- [REQUIRED ACTION]
Take the line containing "1B MUDIES ROAD, St Ives NSW 2075" and all lines after it, through the end of the material, and repeat them exactly, pictures left out.

- [EXERCISE MATERIAL]
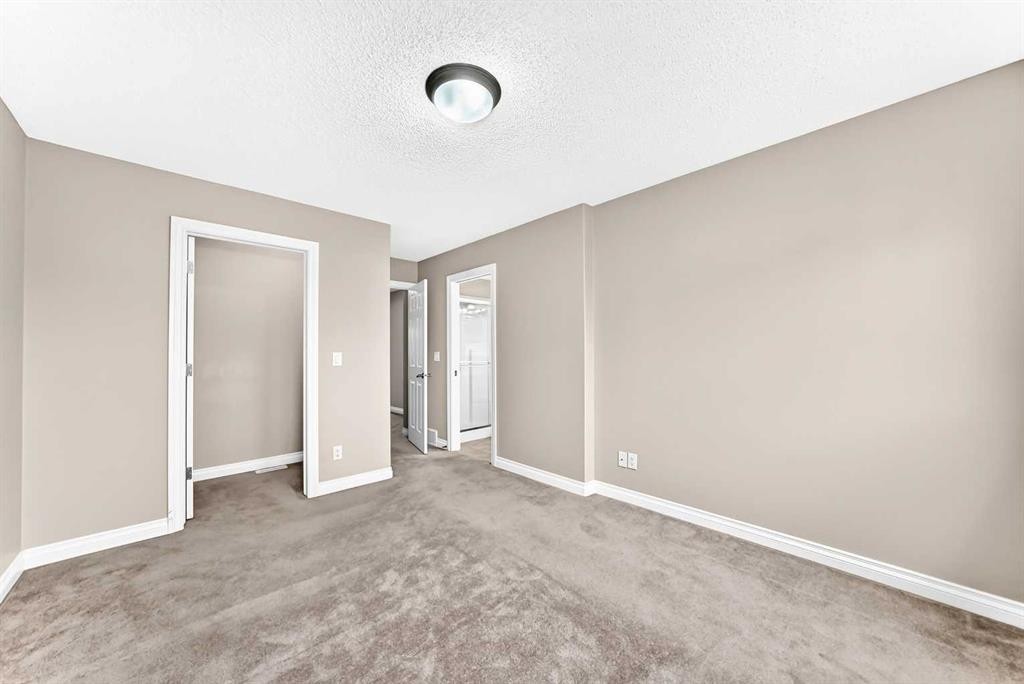 129-308 11 Avenue, High River, AB - Indoor Photo Showing Other Room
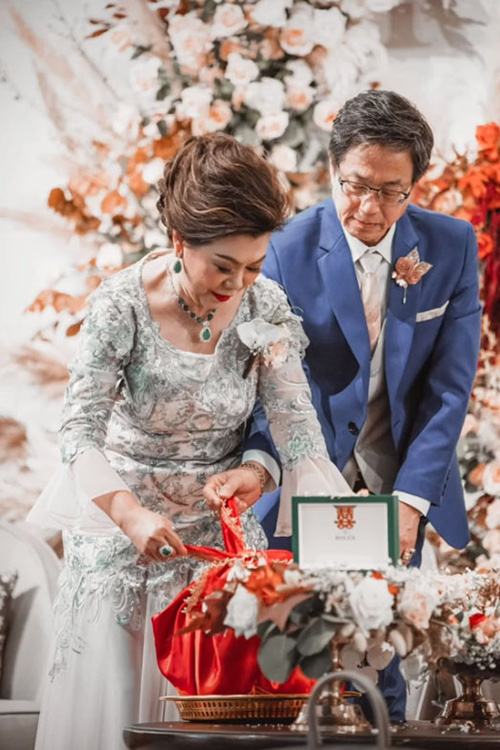 งานแต่งสุดปัง สินสอดเป็นกระเป๋า Hermes 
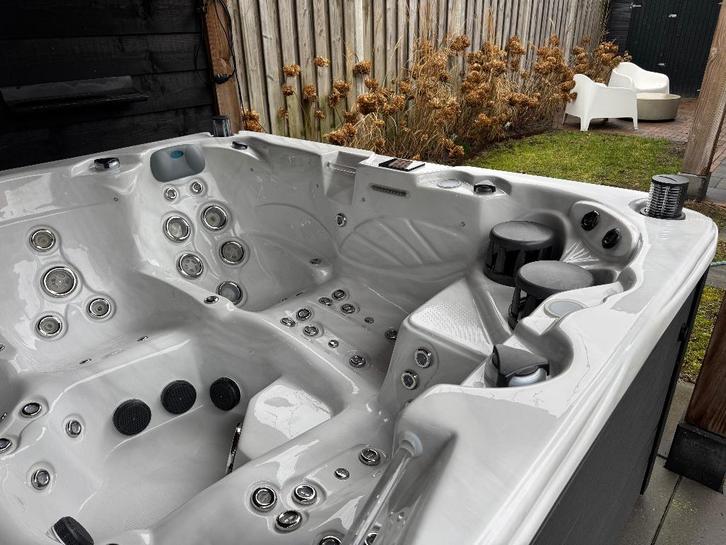 Jacuzzi Fox Spas / Fox Eternal Z.G.A.N, Tuin en Terras, Bubbelbaden en Hottubs, Zo goed als nieuw, Vast, Ophalen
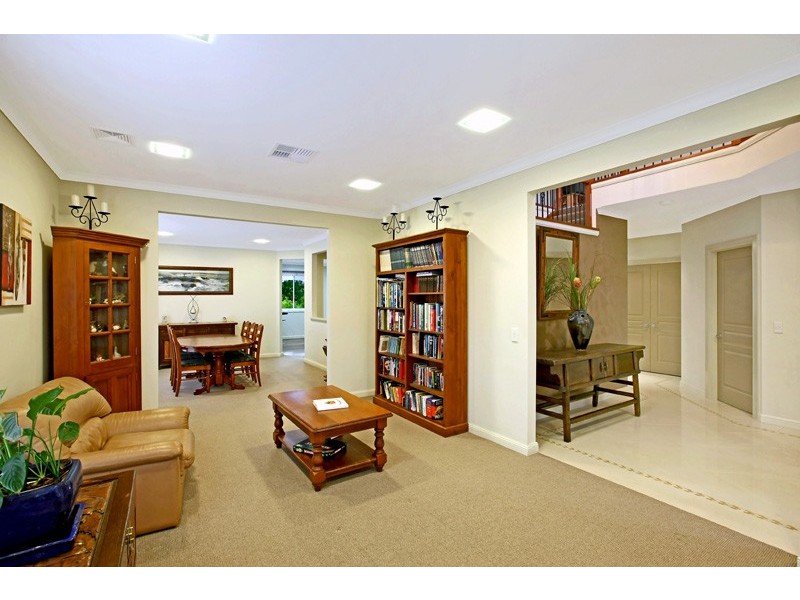 1B MUDIES ROAD, St Ives NSW 2075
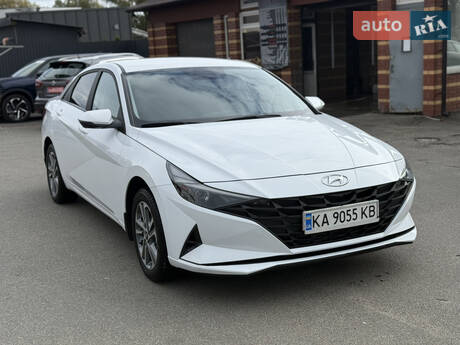 Hyundai Elantra 2022 в Киеве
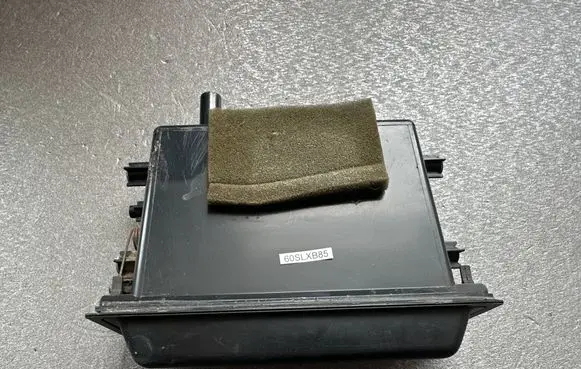 Nissan Patrol Y60 Center console decorative trim 6847544F00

- [SOLUTION TO THE PROBLEM]
 1B MUDIES ROAD, St Ives NSW 2075
 Hyundai Elantra 2022 в Киеве
 Nissan Patrol Y60 Center console decorative trim 6847544F00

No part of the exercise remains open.